My adaptation = a savory, edible centerpiece, the wreath shown above was baked for our Christmas dinner one year; I make us one every holiday season and gift a few as well.
After the wreath is baked and cooled it can be wrapped in foil, placed in an airtight plastic bag and frozen until you are ready to give it away. Add some whipped butter on the side and it’s the perfect gift.
Test Kitchen Notes
This was the perfect recipe for those weeks between Thanksgiving and Christmas. Everyone has herbs lying around, leftover from stuffing recipes. The baking wreath smells cozy, and when it's done it makes your table look just as festive as the rest of your house. I made the full recipe but split it in half to make two small wreaths, one to eat now and one to freeze for later. As you'd expect, with the dry milk and the butter, it's a tender and finely grained loaf. Mine wasn't as strongly herb-flavored as I'd hoped for, but I played it a little safe in the measurements (especially with the rosemary). Next time I make it—and there will be a next time—I'll go all out. My first loaf has been half dedicated to eating out of hand, and I suspect the remainder will be split between sandwiches and maybe a savory bread pudding. It makes a lot of bread, but trust me—you'll want it all. —emmanation
- Serves a crowd
2 eggs plus warm water to make up to 2 cups
2 tablespoons agave nectar
1 packet active dry yeast
1/2 cup non-fat dry milk
1 teaspoon salt
1 heaping teaspoon diastatic malt powder (optional)

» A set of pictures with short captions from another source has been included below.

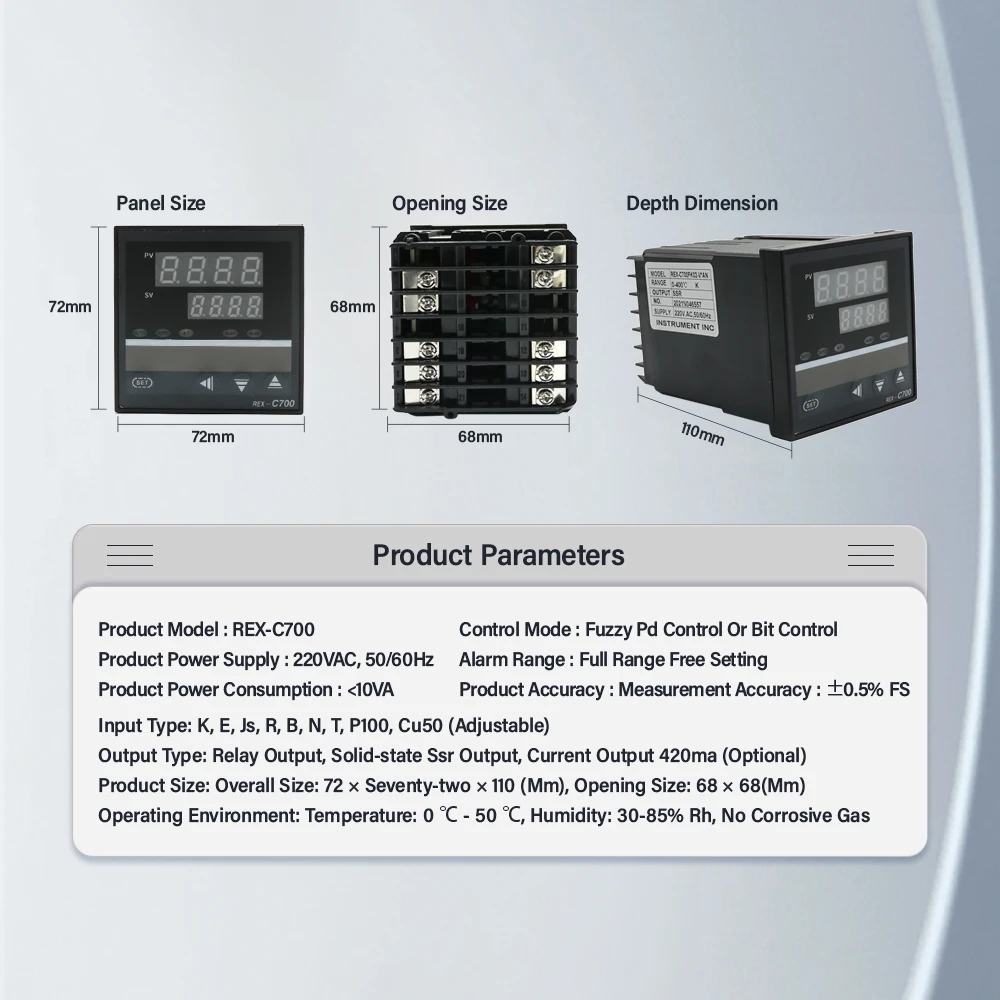 AC 220V Oven Temperature Controller  REX-C700 C700 Thermocouple PT100,K Universal Input Relay Output 72*72mm Thermostat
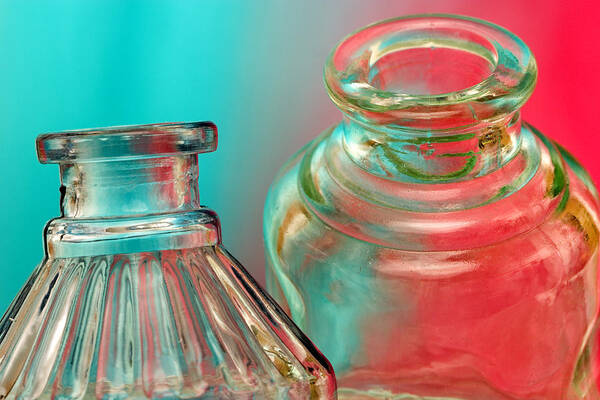 Ink Art Print featuring the photograph Ink Bottles on Color by Carol Leigh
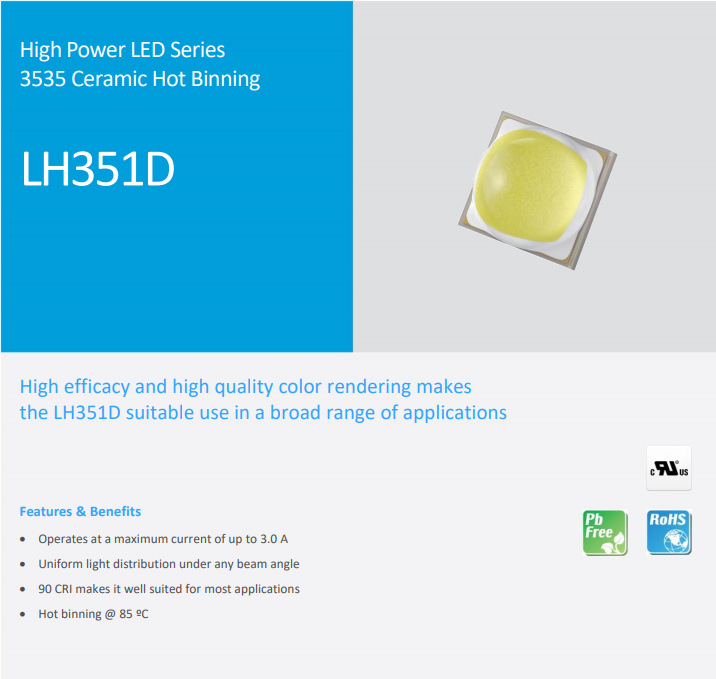 三星 LH351D RA70/80/90 3V 1-10W 3535 inverted lamp bead Samsung LED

2 tablespoons micro-plane grated Pecorino cheese
1 tablespoon, of each, finely minced fresh rosemary and thyme
8 tablespoons unsalted butter, softened
5 to 6 cups bread flour (I like King Arthur)
2 tablespoons melted butter for glazing
Extra pecorino cheese to scatter on top
- In a small bowl, mix the dry milk, salt, malt powder, 2 tablespoons pecorino and rosemary-thyme together and set aside until needed.

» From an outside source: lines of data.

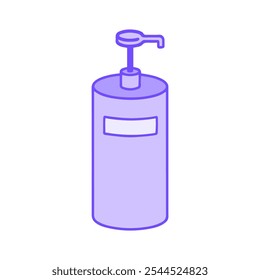 Lavender hair lotion bottle in doodle style isolated. Drawn illustration of hair lotion, perfect for showcasing hair lotion benefits and enhancing hair care routines for soft, manageable hairstyle.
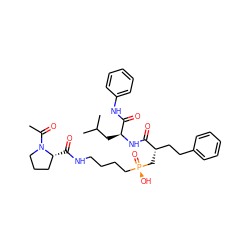 CC(=O)N1CCC[C@H]1C(=O)NCCCC[P@@](=O)(O)C[C@@H](CCc1ccccc1)C(=O)N[C@@H](CC(C)C)C(=O)Nc1ccccc1 ZINC000026991749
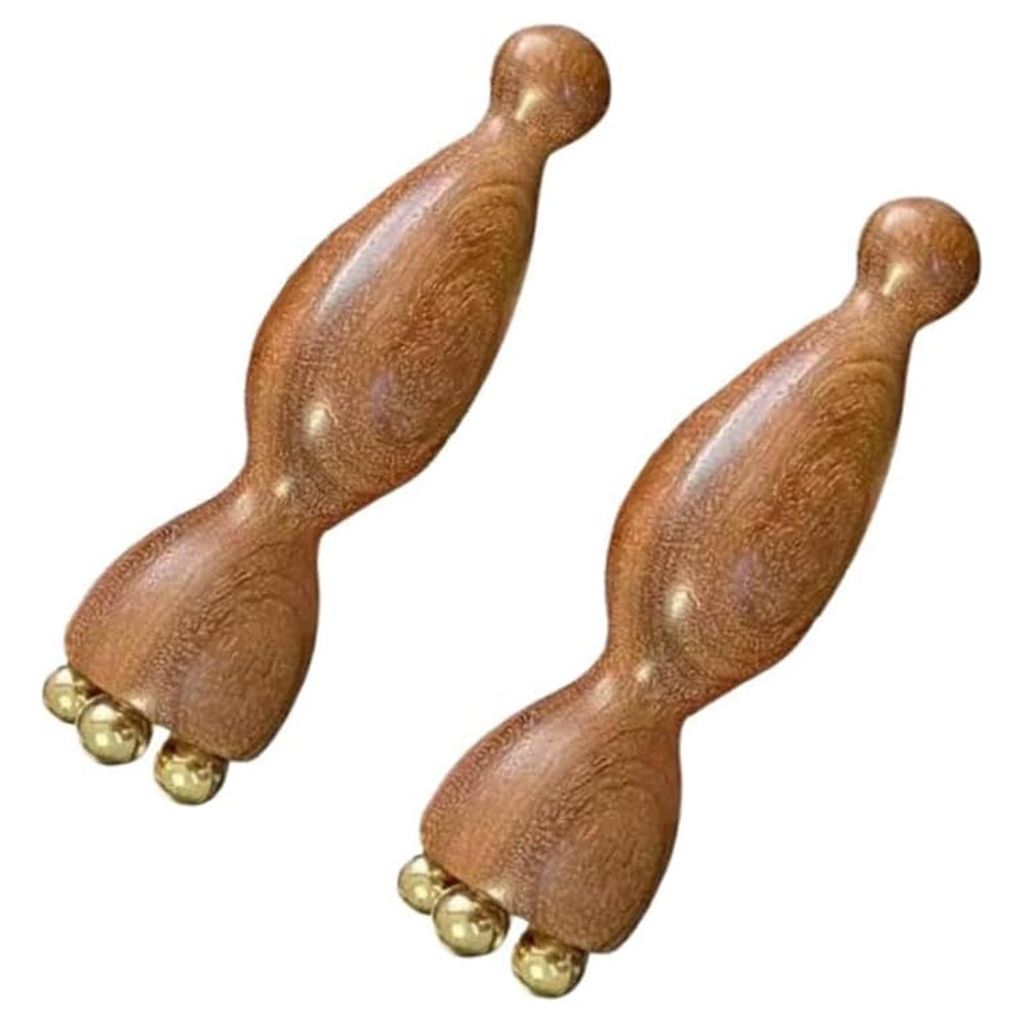 Gesichtsmassagestab aus Naturholz mit Kupfer-Druckpunktspitze – Präzises Augen-Massagegerät & Akupunktur-Stift – Handgefertigtes Beauty-Tool ...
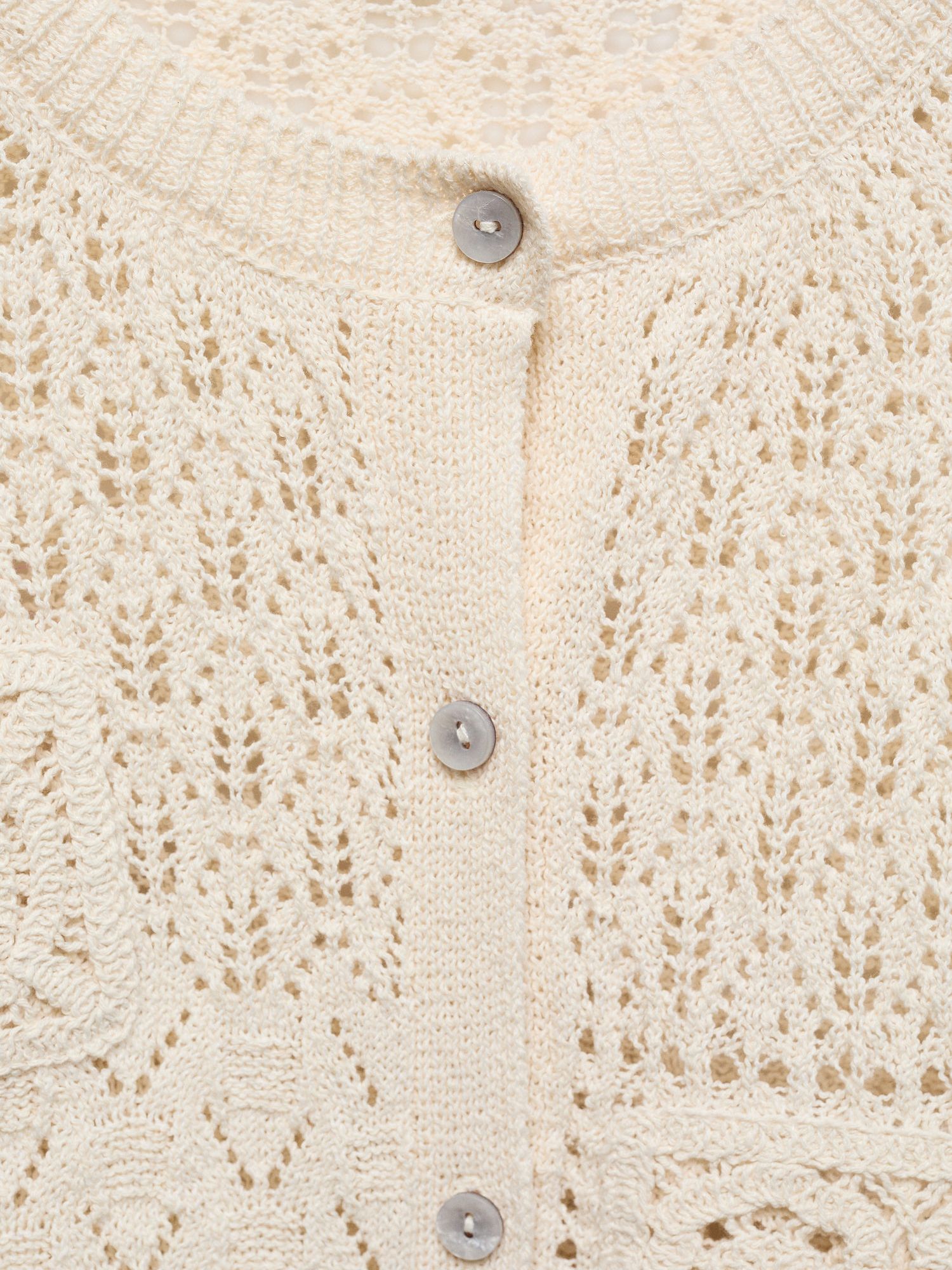 Buy Mango Cambodya Knitted Cardigan, Natural White Online at johnlewis.com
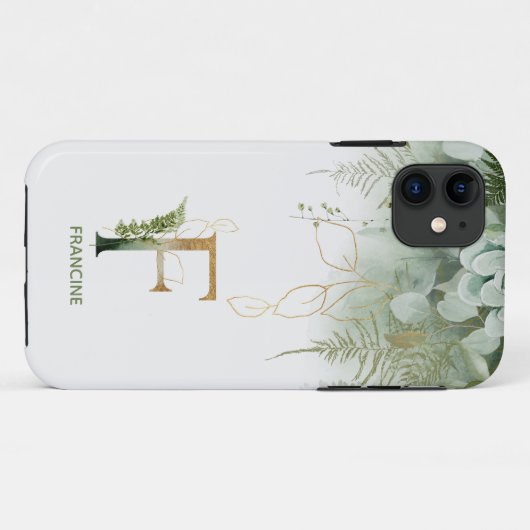 Monogram F Elegant Greenery Case-Mate iPhone Case (Rückseite (Horizontal))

- Break the eggs into a two-cup measure and fill the balance with warm water. Pour into a large mixing bowl and whisk together. Add and dissolve the agave nectar and yeast. Let sit 5-10 minutes.
- When the yeast mixture is bubbly add the dry milk mixture.

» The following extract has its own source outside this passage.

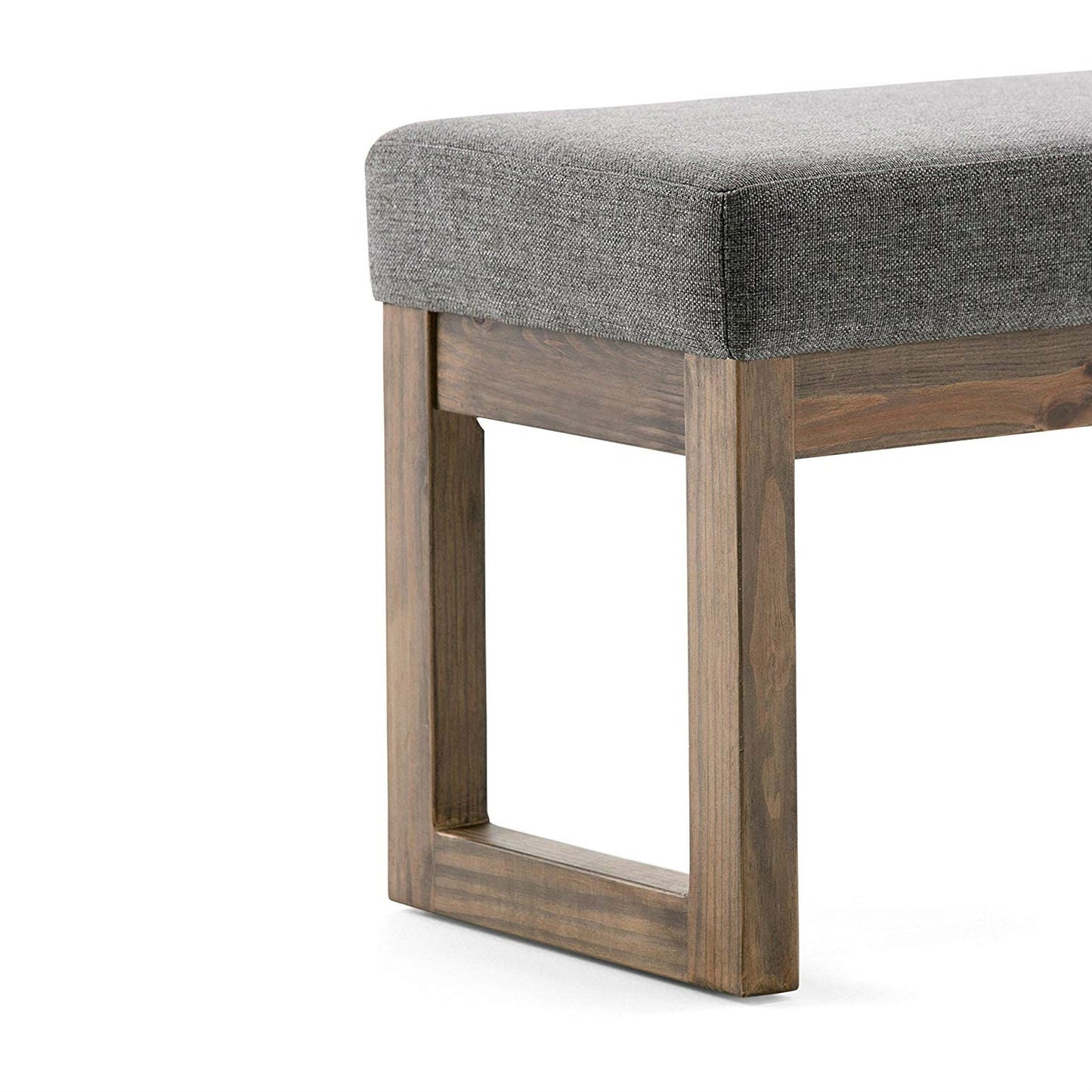 Banco otomano decorativo con estructura de madera moderna y asiento de tela tapizado en gris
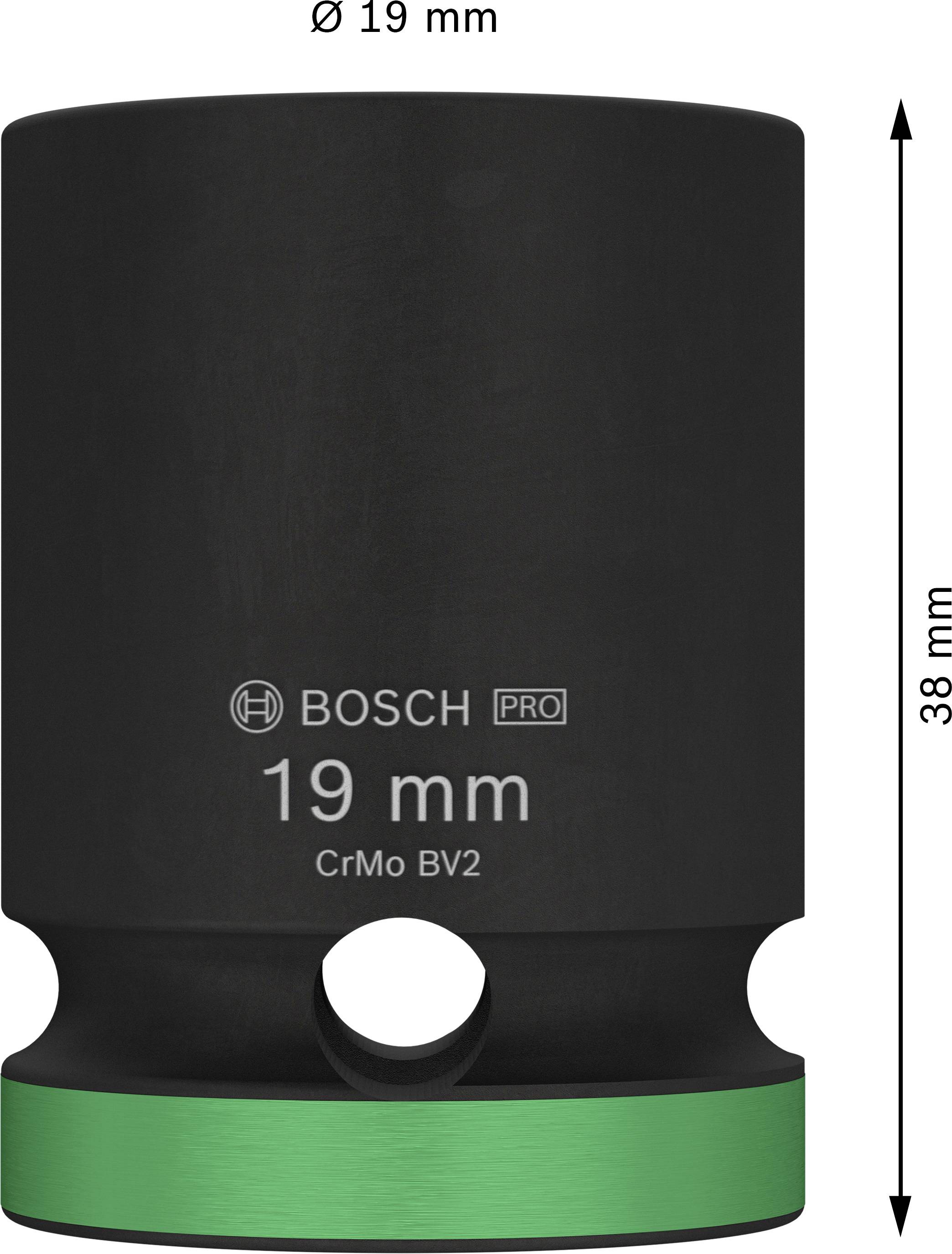 Speciální nástavec na zapalovací svíčky, Ø 19 mm, výška 38 mm, značka: Bosch, slitina CrMo BV2, černý povrch se zelenými označeními.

- Blend in the butter with a wooden spoon as well as you can, it will be lumpy, that’s ok.
- Blend in 3 cups of the flour, don’t worry about lumps.
- Work in, by hand or with a food processor and dough hook, between 2 & 3 more cups flour, or until you have a soft but workable dough.
- Turn it out onto a floured surface and knead for 2 or 3 minutes. Let the dough rest a couple minutes. Then, continue kneading another 3 or 4 minutes. Put the dough in a greased bowl, cover and let it rise until doubled. Punch it down and let it rise again.
- After the second rise, punch the dough down, and divide into three even pieces. Roll each piece into a rope about 25 to 30 inches long. Lay the ropes side by side, beginning from the middle, and braid one end of the rope then the other. When the second half of the loaf is braided, form a circle, weaving the two ends together as well as you can.
- Place the wreath on a large baking sheet lined with greased parchment, cover and let it rise for 45 minutes to an hour. NOTE: I place an inverted, buttered ramekin in the center to leave a space for added decoration.
- Before baking, brush the surface with melted butter. Scatter a handful of pecorino cheese over the top.
- Place in a COLD oven; turn the temperature to 400 degrees for 15 minutes and down to 350 degrees for a further 25 to 30 minutes.
- Immediately after taking out of oven, brush with melted butter and sprinkle another handful of Pecorino cheese. Move to a rack to cool.
- After thoroughly cooled place in an airtight plastic bag until it is time to serve. This can also be frozen until needed.